Alors que les problèmes du groupe s’aggravent, Addi commence à vivre une série de visions oniriques. Ses nouvelles intuitions lui permettront-elles de les guider et de trouver leur chemin?
Un portrait sans concession de la jeunesse perdue
Guðmundsson dépeint ici une Islande bien loin des cartes postales touristiques. La nature brute et hostile du pays devient le miroir de la dureté de la vie de ces jeunes. Nous sommes immergés dans un quartier en marge de Reykjavik, où la violence semble être le seul moyen d’affirmer sa place dans un monde indifférent. Le réalisateur se souvient de sa propre jeunesse, lorsqu’il redoutait de croiser ces bandes de jeunes « dangereux » à l’adolescence. Ce sentiment de menace sourde et omniprésente teinte le film d’une angoisse palpable.
Mais plus qu’un simple constat social, Les Belles Créatures met en lumière la complexité des relations entre ces adolescents. Addi et ses camarades ne sont pas que des fauteurs de troubles ; ils sont aussi des victimes d’une société qui les a abandonnés. La violence est ici à la fois un cri de désespoir et un moyen de se sentir vivant.
Une violence omniprésente, magnifiée par la mise en scène
Le film prend aux tripes dès les premières minutes et ne relâche jamais son emprise. Les scènes de bagarres, de harcèlement et d’abus sont filmées avec une intensité brutale, presque suffocante. Guðmundsson ne détourne jamais le regard de la cruauté, mais il sait aussi injecter une dose d’esthétisme dans cette laideur. Chaque plan est soigneusement construit, apportant un contraste saisissant entre la beauté de l’image et l’horreur de ce qu’elle montre.

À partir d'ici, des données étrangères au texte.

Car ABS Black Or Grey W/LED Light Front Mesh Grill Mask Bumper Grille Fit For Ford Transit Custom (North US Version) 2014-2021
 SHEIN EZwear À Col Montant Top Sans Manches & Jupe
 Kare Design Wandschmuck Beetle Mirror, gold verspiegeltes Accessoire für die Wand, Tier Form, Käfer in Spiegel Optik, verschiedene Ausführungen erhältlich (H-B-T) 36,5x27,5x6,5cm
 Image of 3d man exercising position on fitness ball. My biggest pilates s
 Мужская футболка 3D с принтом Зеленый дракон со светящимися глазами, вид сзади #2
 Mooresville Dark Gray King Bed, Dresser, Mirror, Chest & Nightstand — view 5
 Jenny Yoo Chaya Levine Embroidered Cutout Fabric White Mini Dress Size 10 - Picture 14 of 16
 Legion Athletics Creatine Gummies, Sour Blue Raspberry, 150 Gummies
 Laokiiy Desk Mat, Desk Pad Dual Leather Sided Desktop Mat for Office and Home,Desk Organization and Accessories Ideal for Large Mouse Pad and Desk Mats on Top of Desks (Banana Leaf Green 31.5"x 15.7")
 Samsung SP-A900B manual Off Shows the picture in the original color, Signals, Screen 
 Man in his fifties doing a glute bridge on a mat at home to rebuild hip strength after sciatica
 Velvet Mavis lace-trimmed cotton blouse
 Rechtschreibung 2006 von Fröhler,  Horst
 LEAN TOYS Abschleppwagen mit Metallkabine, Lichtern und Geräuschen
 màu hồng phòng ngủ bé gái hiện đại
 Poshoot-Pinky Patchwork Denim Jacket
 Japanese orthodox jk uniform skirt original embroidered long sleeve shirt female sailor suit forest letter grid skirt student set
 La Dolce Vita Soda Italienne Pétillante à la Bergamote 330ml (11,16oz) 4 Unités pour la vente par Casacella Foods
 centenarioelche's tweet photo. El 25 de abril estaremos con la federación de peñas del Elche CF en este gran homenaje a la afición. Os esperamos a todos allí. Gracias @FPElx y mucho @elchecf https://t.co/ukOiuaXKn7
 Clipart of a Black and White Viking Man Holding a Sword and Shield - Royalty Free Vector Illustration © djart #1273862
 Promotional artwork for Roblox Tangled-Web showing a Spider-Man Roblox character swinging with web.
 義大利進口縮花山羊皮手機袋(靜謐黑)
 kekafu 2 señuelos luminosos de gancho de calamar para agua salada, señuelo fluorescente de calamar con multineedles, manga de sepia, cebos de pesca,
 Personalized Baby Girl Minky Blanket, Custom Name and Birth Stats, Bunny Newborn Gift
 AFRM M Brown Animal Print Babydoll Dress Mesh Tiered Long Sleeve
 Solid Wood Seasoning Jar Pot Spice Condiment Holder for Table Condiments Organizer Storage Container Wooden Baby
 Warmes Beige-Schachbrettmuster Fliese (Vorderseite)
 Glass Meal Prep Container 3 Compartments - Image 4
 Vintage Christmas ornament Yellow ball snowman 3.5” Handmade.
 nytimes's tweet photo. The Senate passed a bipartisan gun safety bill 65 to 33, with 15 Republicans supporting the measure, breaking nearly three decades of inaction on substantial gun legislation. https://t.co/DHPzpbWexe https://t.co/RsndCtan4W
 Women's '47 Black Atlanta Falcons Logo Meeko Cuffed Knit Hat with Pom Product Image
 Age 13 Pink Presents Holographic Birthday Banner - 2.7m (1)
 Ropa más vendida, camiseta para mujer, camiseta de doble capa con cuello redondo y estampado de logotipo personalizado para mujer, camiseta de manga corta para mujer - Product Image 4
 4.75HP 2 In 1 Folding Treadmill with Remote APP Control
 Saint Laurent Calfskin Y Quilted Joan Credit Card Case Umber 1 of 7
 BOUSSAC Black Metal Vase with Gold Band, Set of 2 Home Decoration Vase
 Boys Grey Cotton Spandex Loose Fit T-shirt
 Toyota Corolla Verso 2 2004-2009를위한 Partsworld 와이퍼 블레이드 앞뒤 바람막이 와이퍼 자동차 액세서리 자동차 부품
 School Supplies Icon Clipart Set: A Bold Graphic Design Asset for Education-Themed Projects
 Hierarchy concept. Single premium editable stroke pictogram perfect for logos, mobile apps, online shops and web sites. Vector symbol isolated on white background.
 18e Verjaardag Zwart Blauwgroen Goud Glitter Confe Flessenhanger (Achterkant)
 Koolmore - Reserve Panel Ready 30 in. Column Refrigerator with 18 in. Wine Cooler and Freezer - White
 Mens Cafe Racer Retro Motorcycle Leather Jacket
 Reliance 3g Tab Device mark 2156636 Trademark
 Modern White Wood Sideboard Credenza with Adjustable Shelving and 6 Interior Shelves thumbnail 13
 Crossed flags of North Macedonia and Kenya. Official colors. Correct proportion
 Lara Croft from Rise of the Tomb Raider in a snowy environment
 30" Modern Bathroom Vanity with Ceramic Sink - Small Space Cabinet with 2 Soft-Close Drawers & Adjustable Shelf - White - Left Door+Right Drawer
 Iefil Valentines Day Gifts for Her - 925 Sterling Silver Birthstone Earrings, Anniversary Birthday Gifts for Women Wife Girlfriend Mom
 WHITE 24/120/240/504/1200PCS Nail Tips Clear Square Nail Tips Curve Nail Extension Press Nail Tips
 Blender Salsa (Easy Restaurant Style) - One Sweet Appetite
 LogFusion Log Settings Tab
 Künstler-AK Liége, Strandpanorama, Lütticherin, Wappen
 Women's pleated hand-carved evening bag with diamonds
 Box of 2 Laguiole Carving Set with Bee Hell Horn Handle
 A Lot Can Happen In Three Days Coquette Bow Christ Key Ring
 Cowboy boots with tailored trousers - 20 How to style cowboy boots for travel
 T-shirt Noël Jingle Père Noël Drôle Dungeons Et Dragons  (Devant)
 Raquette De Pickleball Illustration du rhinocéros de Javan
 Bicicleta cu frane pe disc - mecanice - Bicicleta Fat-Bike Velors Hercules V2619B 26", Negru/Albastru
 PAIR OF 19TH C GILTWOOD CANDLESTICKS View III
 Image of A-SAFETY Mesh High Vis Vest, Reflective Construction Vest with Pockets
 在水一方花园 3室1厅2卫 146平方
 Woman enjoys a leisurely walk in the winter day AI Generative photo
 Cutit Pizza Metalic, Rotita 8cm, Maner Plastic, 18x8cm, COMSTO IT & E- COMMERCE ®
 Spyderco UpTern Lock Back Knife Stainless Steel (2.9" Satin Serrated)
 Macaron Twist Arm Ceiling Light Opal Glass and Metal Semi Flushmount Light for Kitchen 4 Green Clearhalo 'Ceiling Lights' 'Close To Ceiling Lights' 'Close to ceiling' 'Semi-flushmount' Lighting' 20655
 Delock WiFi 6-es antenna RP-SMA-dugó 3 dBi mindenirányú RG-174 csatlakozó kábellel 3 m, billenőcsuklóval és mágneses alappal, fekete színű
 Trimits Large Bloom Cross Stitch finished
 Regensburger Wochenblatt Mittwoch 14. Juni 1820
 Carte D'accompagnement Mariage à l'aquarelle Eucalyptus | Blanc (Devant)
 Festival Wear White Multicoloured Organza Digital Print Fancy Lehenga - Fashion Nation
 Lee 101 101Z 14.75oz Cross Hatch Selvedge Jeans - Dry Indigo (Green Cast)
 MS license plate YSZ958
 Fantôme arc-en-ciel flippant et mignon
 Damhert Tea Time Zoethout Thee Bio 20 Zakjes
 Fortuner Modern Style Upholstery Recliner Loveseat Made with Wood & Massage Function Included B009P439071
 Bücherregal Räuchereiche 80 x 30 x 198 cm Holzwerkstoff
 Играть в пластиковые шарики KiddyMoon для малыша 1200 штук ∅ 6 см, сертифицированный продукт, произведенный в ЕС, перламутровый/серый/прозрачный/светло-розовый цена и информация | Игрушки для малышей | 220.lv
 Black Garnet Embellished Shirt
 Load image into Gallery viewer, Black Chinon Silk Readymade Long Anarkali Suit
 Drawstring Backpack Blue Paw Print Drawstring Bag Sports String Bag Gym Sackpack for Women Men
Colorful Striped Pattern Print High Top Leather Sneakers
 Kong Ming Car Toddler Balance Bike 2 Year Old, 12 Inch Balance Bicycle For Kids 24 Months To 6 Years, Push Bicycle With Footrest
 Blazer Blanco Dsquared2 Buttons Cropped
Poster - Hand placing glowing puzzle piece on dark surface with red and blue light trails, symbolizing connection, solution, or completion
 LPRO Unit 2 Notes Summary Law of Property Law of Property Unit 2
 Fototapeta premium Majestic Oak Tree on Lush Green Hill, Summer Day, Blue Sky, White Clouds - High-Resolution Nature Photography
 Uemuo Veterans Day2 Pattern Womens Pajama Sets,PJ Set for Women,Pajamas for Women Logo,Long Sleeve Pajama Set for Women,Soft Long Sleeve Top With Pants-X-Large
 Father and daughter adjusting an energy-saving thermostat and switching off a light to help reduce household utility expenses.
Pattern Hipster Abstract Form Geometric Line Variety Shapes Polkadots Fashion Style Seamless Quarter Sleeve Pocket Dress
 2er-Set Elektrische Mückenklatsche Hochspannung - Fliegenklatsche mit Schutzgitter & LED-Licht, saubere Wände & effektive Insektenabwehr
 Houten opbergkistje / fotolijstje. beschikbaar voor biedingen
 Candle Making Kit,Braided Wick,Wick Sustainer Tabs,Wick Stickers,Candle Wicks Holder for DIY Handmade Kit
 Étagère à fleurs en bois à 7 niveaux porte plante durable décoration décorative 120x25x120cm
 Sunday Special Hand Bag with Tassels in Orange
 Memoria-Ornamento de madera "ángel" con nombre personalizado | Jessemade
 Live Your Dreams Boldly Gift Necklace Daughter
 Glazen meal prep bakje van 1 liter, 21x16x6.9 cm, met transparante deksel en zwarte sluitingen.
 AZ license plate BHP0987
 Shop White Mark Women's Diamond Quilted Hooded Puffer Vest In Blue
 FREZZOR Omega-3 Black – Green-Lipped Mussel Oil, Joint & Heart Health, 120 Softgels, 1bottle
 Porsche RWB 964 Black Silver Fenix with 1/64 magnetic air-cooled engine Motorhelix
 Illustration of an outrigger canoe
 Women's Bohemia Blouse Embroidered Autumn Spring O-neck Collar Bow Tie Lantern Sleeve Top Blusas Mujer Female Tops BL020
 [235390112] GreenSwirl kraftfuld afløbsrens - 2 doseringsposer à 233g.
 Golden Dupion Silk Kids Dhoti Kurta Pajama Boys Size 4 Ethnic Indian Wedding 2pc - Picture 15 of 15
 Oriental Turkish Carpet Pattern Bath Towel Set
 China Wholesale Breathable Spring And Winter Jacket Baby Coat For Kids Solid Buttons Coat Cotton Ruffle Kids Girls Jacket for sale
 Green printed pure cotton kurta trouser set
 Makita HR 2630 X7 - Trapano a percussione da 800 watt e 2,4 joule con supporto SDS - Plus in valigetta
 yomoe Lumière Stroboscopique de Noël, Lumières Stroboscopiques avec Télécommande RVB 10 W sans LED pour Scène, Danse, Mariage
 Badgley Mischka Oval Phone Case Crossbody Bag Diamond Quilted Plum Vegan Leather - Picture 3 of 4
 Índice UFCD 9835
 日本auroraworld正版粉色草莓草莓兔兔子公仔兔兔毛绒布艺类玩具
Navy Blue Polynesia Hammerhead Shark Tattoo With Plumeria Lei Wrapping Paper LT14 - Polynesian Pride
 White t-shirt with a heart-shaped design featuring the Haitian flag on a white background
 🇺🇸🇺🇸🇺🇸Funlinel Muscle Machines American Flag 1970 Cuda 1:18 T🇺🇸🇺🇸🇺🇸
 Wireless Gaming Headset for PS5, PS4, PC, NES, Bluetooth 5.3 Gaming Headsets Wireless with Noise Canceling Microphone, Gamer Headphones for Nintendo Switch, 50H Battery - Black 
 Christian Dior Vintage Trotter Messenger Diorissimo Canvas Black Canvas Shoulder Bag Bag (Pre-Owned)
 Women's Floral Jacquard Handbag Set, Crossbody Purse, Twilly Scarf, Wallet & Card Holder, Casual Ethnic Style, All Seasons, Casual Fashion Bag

À travers les expérimentations de drogues et les escapades nocturnes des personnages, la caméra capture des moments d’extase hallucinatoire, où la réalité se distord sous l’effet des substances. Ces séquences sont autant des échappatoires pour les jeunes protagonistes que des illustrations de leur désespoir. Guðmundsson transforme la violence quotidienne en tableaux hypnotiques, troublants mais fascinants.
Une morale ambiguë mais puissante
Si le film est empreint d’une certaine noirceur, il laisse aussi transparaître des lueurs d’humanité. L’amitié et la solidarité, bien qu’elles soient souvent écrasées par la brutalité ambiante, demeurent des forces sous-jacentes. Addi tente, par ses visions, de guider ses amis vers une rédemption improbable. Mais la question persiste : peut-on vraiment échapper à la violence quand elle est devenue le seul langage que l’on connaît ?
Notre avis ?
Au final, Les Belles Créatures nous rappelle que la violence appelle toujours la violence, et qu’il y a toujours un prix à payer. Le film n’offre pas de réponses faciles. Sa morale reste ouverte, laissant le spectateur face à ses propres réflexions sur les racines du mal, l’influence du milieu social et la possibilité de rédemption.